After a personalization of Urban Sensing collectors the platform was completely integrated with Malcom (MOBI’s platform developed for Empresa Municipal de Transportes de Madrid) and able to collect from it information about the Empresa Municipal de Transportes de Madrid (EMT) like:
o General information about the device use by people
o Where people is requesting information about the EMT
o When people is requesting information
o Information about the bus line
o Information about how many Stops there are after user position
o User's typically used bus stops
o User's route from stop to stop
o Working time of EMT
As indicated before, all the information were related to the area of Madrid, using predefined bounding box to cover the entire city transport area.
After Malcom personalisation the already developed Urban Sensing collectors for Twitter, Foursquare etc. have been tuned to the Spanish language (common used words or slang sentences) to better understand and classify text related to emotions and/or sentiments.
The complete personalization of Urban Sensing platform allow the generation of a complete graphical interface to the map of Madrid showing the feedbacks obtained from users in a given area at a particular time.
Even if all the development have been completed a real validation of the Urban Sensing platform could not be arranged due to the MOBI’s default.
• Exhibitions, Events assessment
The main beneficiary of this result, and of the relative personalisation of the Urban Sensing platform, is LUST (LST). The biggest change in respect with the previous customisations in this third version is that in almost all functionalities that are added, tweets and social media are not only visually plotted on a map, but also they can be explored on the level of a single UGC item in terms of content, context, emotion, etc., or on the level of a selection. The main improvements in the third iteration are:
o New ways of visualizing information:
• Content and Context / Keywords and topics extracted from UGC are represented on a map through circular shapes
• Content and Context / Words associated to geometric clusters-areas processed by the platform can be visualized as word or tag clouds on a grid superimposed on the map
• Content and Context / Highlighting visually coherent groups among the clouds
• People Movement visualizations
• Height maps / Languages
• Cloud visualization (Isolines)
o Extraction of topics and contextualization:
• Languages / Spatial distribution of contributions in selected languages, coupled with feedback sentiments
• Add context to a set of data, by gathering content that is relevant to the object of the analysis, including news, Google search
• Inclusion of content from mainstream media feeds
• Inclusion of content from N-gram
• Trend detection
• Management system for setting up topic channels
o Interface:
• Perform multiple cities (comparative) analysis
• Possibility to add filters over the collected data
• Search within data on map (magnifying lens, visualise patterns and analyses on the map and/or side panel)

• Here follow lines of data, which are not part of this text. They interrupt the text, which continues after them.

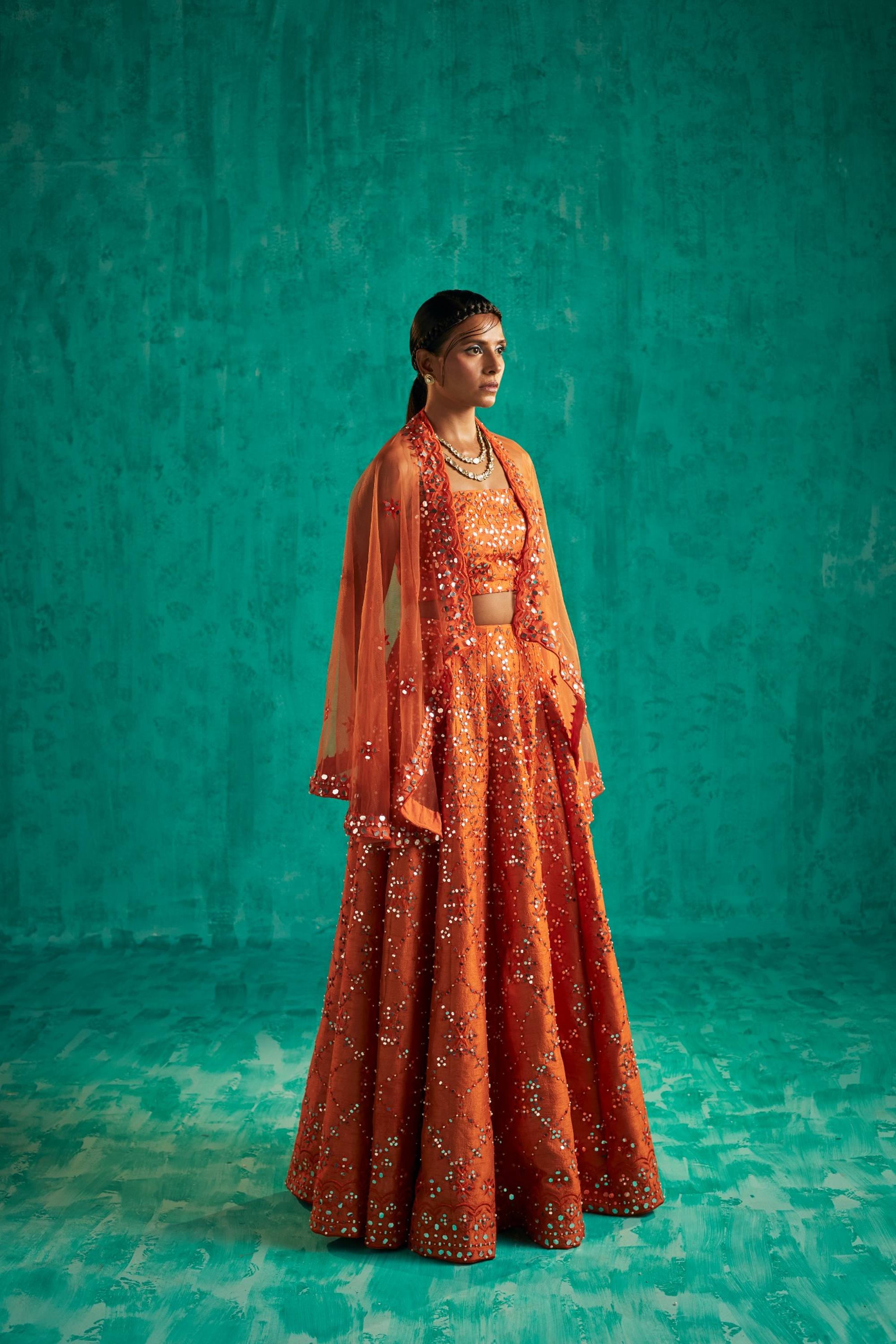 INTRICATE PATRA AND PEARL JAAL EMBELLISHED SHARARA AND BLOUSE WITH A QUIRKY NET CAPE - S193
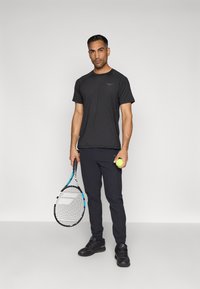 Černé sportovní tričko s krátkými rukávy, spárované s tmavými sportovními kalhotami. Model drží zelený tenisový míček a raketu s modrými akcenty.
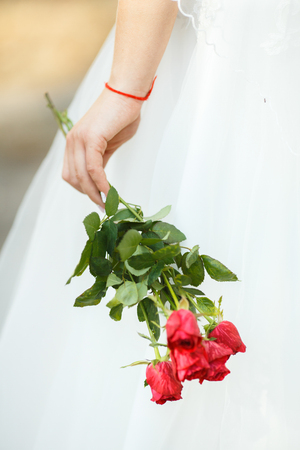 Sweet Wedding Bouquet in the Hands of the Brideの写真素材
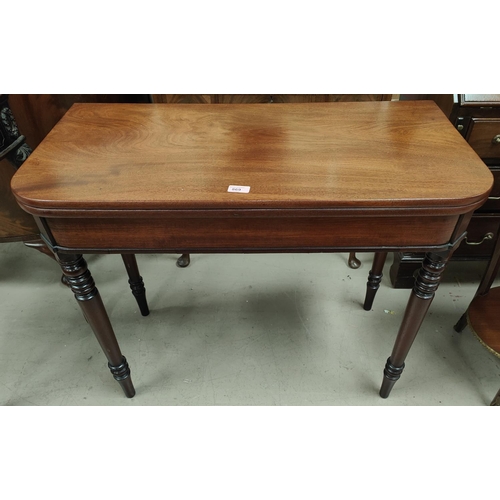 869 - A mahogany tea table with turned legs, rounded rectangular folding top. 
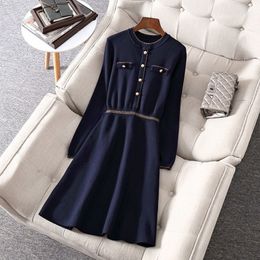 Plus Size Dress Women Autumn Winter Fashion Knitted Metal Button O Neck Midi Dress Elegant Hit Color Sweater Dresses M- 210320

• Easy pull and push (import and export) of data streams through standardized APIs
• Dashboard showing textual description and graphs for each specific visualization
o General functionalities
• Support for Dutch in the natural language processing tools developed for English, Italian and Spanish languages
• Implementation of the emotion detection algorithms (and ranking)
Those three different iterations provided an improvement of the initial platform and at the end of the project each SMEs have been provided with the final version of the Urban Sensing platform.
To reach the final version of the platform an iterative approach has been followed. The SMEs and the RTDPs cooperated together, since the requirements definition up to each demonstration, to a SMEs customers or internally to each SMEs.
The complete list of the overall identified requirements is available in D2.2 - Systems requirement specification and it has been structured in accordance with the usual differentiation between functional and non-functional requirements. The first part of the document lists functional requirements, organized around gathering, processing and visualization of data. This organization of requirements in the first part comes from the basic groups of functions to be provided by the application. In the second part of the document a non-functional requirements are listed. Non-functional requirements include requirements related to performance, security, software quality or documentation. Each requirement is specified by means of following attributes:
• Identifier – a unique ID of the requirement which will be used for referencing the requirement throughout the whole project
• Description – a description of the requirement including differential description according to other similar but different requirements
• Traceability – a reference to the sources which led to the formulation of the requirement
• Verification – a description of how to verify the fulfilment of the requirement
The iterative approach affect not only the requirements definition but also the software architecture that characterise Urban Sensing solution; if during the first iteration the SW architecture was specified in a conceptual way completely independent to any specific implementation technology during the second and the third iterations the conceptual specification has been progressively supplemented with the implementation notes specifying additional constrains for the technologies used for the platform implementation, deployment and operation conditions.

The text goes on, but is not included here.